Source material:
========

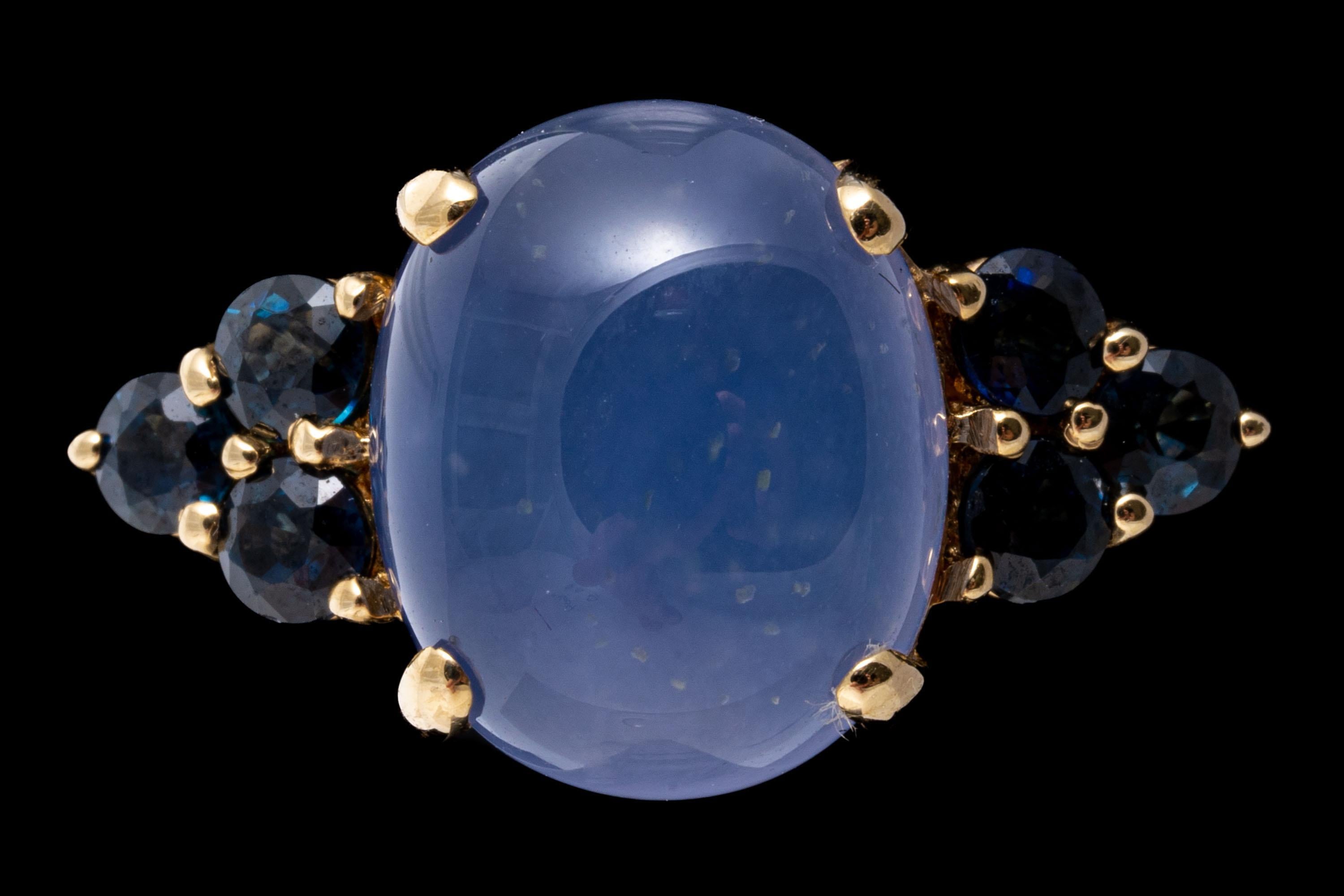 14k yellow gold ring. This colorful ring has an oval cabachon, blue chalcedony center, prong set and flanked by three round faceted, dark blue color sapphires, approximately 0.72 TCW and also prong set. 
Marks: 14k
Dimensions: 13/16
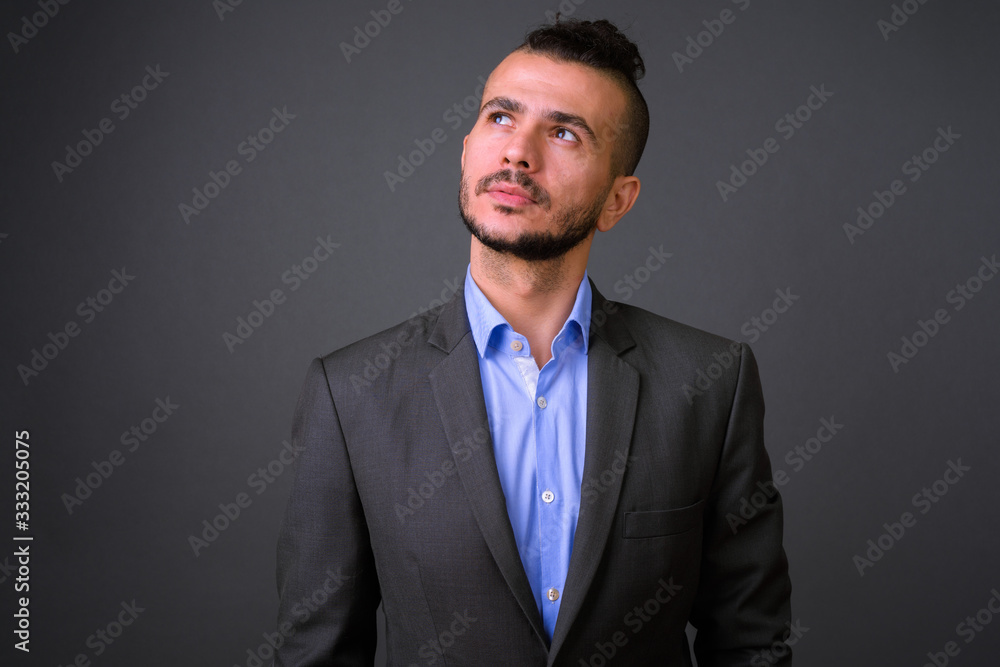 Portrait of handsome bearded Turkish businessman in suit thinking Portrait of handsome bearded Turkish businessman in suit thinking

========

What you should repeat exactly is the run of lines from the top of the listing above through the line with "Dimensions: 13/16", without pictures.

 14k yellow gold ring. This colorful ring has an oval cabachon, blue chalcedony center, prong set and flanked by three round faceted, dark blue color sapphires, approximately 0.72 TCW and also prong set. 
Marks: 14k
Dimensions: 13/16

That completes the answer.